The U.S. Army is using a video game center to inform people about Army life. But would video games be enough to get you to join the Armed Forces?

Don Reisinger
CNET contributor Don Reisinger is a technology columnist who has covered everything from HDTVs to computers to Flowbee Haircut Systems. Besides his work with CNET, Don's work has been featured in a variety of other publications including PC World and a host of Ziff-Davis publications.
Don Reisinger
3 min read
U.S. Army
The Army Experience Center in Philly: Recruitment tool or fun? U.S. Army

The U.S. Army has spent $12 million on a new facility in Philadelphia that abandons the use of recruiters selling the Army life in favor of video games and loud rock music, according to a Reuters report.

Dubbed the U.S. Army Experience Center, the facility at the Franklin Mills shopping mall in Philadelphia sports 60 computers preloaded with military video games, 19 Xbox 360 controllers, and video displays that "describe military bases and career options in great detail," Reuters reports.

Visitors to the center can play games that allow them to fire on enemy combatants from a Humvee or engage in helicopter missions where the player is firing on the enemy from an Apache or Black Hawk helicopter.

The center first opened in August as the first step in what is a two-year experiment on the part of the Army to recruit more service people. So far, the experiment has proven successful: Reuters reports that 33 full-time soldiers and 5 reservists have have joined the U.S. Army since its inception. More importantly, that recruitment tally bests the five "traditional" recruiting centers it replaced.

For its part, the Army says it's not necessarily trying to recruit young soldiers. Instead, it says the Experience Center is being used as a way to inform the public.

"What we are doing here is reaching out to Americans, giving them the opportunity to understand their Army," Maj. Gen. Thomas P. Bostick, head of the U.S. Army Recruiting Command, said in a statement. "Oftentimes, people have a negative perception of the Army, but the negatives are a very small part. Our soldiers are well-trained, well-equipped, and serving a great mission."

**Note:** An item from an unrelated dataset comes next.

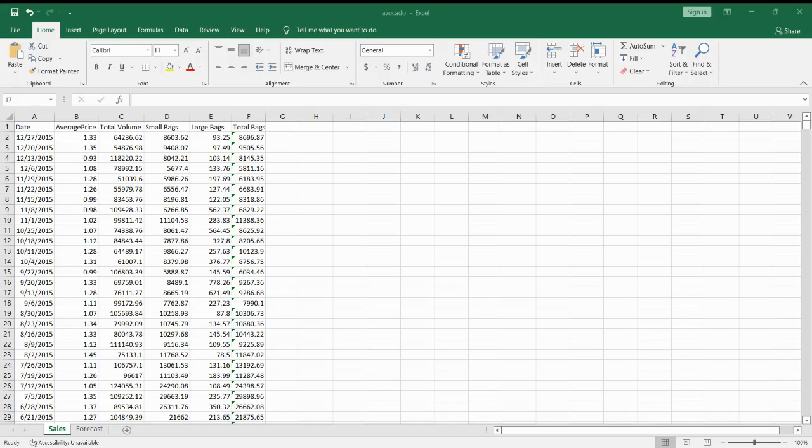There are times that you want to pop out the most important details in a spreadsheet. One way to do this is through highlighting the columns.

That's an interesting take, but one that deserves some more contemplation. Is the U.S. Army Experience Center really just a place to teach people about the "real" Army? Or is it a place to coax people into joining through video games?

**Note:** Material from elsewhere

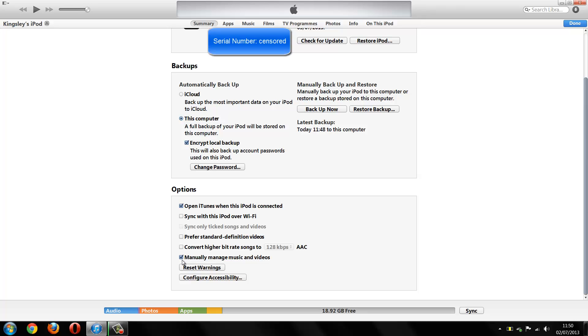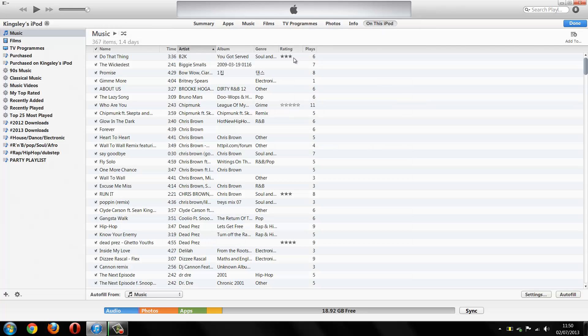Then what you want to do is just go on to this iPod or iPad or whatever it says there, just click on that and you'll be able to add music onto your playlists or anything else.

Perhaps the answer to that question isn't so simple. Undoubtedly, people join the service for a number of reasons: stability, financial aid, patriotism, and education. But it's no secret that the Armed Forces have had trouble recruiting people in recent years, and although the military contends that it has met its quota for 2008, finding people to join isn't as easy as it once was.

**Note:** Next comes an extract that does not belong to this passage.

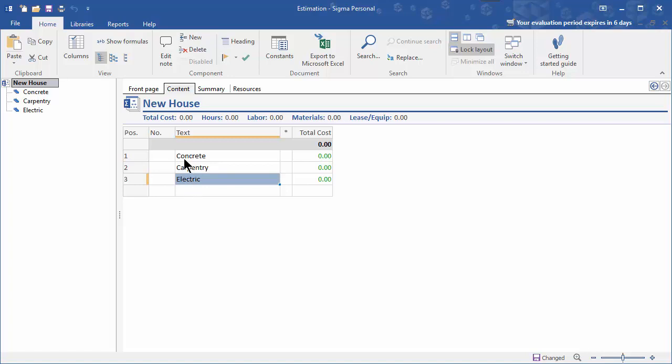And you keep going creating the main headings of the work breakdown structure which is in the left panel in SIGMA.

Maybe that's why it has turned to video games to recruit new soldiers. After all, most of the people joining have grown up in an environment where first-person war games are the norm. Shooting a virtual character on-screen in Call of Duty has become second-nature.

Retired Lt. Col. David Grossman has written extensively on the impact that video games and U.S. Army simulators can have on the lives of children. He claims that video games and similar programs like the U.S. Army Experience Center "condition" soldiers to be "desensitized" to killing, and he even goes so far as to call some violent video games "murder simulators."

But an equally compelling argument can be made in proving that violent video games do not cause children to become desensitized and that the U.S. Army Experience isn't the first step in training potential recruits to kill.

But I digress. Based on the Center's recruitment figures so far, it's not a stretch to say the "experience" is working quite well for the Army. After all, if one game-equipped facility can replace five traditional recruitment offices, it certainly suggests that people are warming to the idea of joining the Army through video games.

Is it right to use video games as a means of recruiting soldiers? That's debatable. On one hand, the U.S. Army should have every right to recruit individuals as effectively (and honestly) as possible. But on the other hand, its use of video games suggests that it may be trying to glorify the real business of the Armed Forces.

In the end, compelling arguments can be made on both sides. Still, the question remains: would video games get you to join the Army?